“Has venido aquí a París dispuesto a forjar tu propio estilo, ¿no es así?”, le preguntó un día Marguerite Duras, con alevosía y nocturnidad, a Enrique Vila-Matas. El escritor catalán tuvo esa suerte. El apartamento del número cinco de la rue Saint-Benoît donde vivió durante unos años era de la autora francesa. Allí vivió, escribió y se adentró en la bohemia del París de los sesenta. Todo acabaría convirtiéndose en un libro: París no se acaba nunca. En la novela lo describe como una cochambrosa buhardilla por la que pagaba el simbólico precio de cien francos al mes. Allí trataba de llevar una vida de escritor “pobre y feliz” como la que relataba Hemingway en París era una fiesta, la referencia suprema.

Mi piso parisino, en cambio, pertenece a un director creativo que vuela por Madagascar y elige modelos para fotografías. Y sí, al igual que a Enrique Vila-Matas con su casera, mi casero habla también en un francés superior que me cuesta entender.

Aquí hace frío como en todas las novelas, te obligas a refugiarte en los bares y pedir “un café caliente”. Ando sin la gabardina de Matas y sin el sombrero de Ernest, pero en cada barra comienzo a escribir un cuento. Y como el día en París es lluvioso me refugio en los escaparates, disimulo con el vaho del cristal y dejo mi teléfono en servilletas por si alguien llama. En el Madrid que he dejado no lo haría. Aquí sí. ¿Y si llaman?, pienso. A lo mejor cambio el argumento de lo que ando escribiendo.

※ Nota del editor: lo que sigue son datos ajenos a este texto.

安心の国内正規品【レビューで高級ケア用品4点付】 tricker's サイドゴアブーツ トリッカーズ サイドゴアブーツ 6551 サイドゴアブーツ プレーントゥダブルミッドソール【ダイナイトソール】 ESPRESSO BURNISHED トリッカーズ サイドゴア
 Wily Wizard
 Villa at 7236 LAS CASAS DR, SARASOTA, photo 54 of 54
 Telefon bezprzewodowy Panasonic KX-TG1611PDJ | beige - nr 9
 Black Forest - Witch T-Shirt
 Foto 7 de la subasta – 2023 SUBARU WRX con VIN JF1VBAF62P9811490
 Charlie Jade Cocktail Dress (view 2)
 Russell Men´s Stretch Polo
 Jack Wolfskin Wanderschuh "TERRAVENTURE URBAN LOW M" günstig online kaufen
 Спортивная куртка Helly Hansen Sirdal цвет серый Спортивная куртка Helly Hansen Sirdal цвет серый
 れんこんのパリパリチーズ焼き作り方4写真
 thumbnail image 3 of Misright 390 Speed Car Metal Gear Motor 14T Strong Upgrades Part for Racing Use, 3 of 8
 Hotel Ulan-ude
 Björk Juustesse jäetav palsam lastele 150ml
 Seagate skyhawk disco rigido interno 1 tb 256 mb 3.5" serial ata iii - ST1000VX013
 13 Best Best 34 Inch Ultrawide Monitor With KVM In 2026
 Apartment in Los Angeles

Hay en la novela de Vila-Matas un espejo donde mirarse y lo releo como una Biblia para que me ilumine en este recorrido parisino. Generalmente subrayo las frases y las memorizo, otras me sirven para ejercitar el oficio. Mi voluntad, en cambio, no se modifica nunca: pasear y escribir. “¿Me parezco a Heminway?”, se preguntaba el escritor catalán en aquella época en la que empezaba. Dios, qué pregunta. Me veo imposibilitado a hacer lo mismo ahora aunque quiera.

En fin, aquí me encuentro: en un café de la rue Bonaparte donde siempre vuelvo para refugiarme (y usar la wifi). Normalmente se abren las puertas y miro, me distraigo y me desespero a partes iguales. Ando persiguiendo la sombra de alguien desde hace mucho tiempo y eso me ayuda a escribir.

Así que aquí me quedo. Por callejuelas estrechas, amplios bulevares, mirando sólidos edificios, plantándome ante los monumentos y recorriendo el Louvre como inspiración. Me han dicho que si paro cincuenta segundos en cada obra necesito al menos cinco años para verlo todo. Nada me perturba. Como decía Jules Moineaux: “¡Adelante: pongamos el mundo en tela de juicio!”.